▶ [Brief]: The listing below should be printed exactly, though its pictures must not be.

▶ [Data]:
________

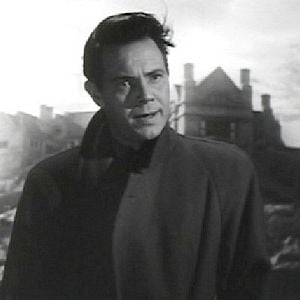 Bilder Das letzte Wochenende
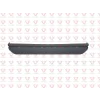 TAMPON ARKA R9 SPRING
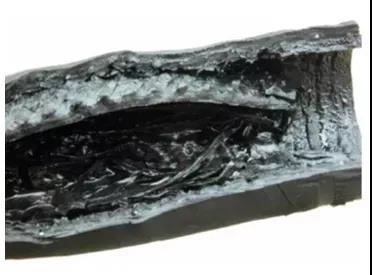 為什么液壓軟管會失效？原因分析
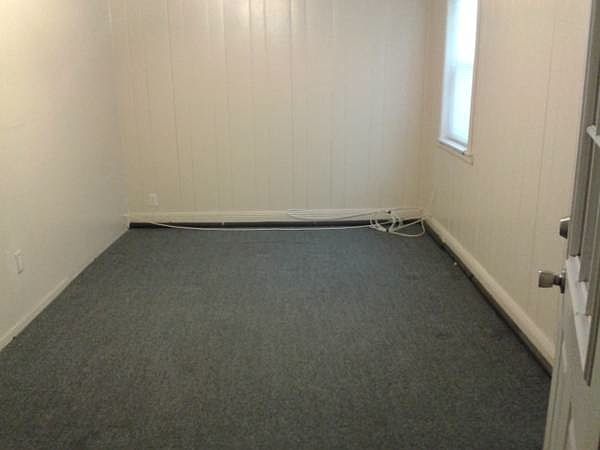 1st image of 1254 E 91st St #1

________

▶ [Completed exercise]:
 Bilder Das letzte Wochenende
 TAMPON ARKA R9 SPRING
 為什么液壓軟管會失效？原因分析
 1st image of 1254 E 91st St #1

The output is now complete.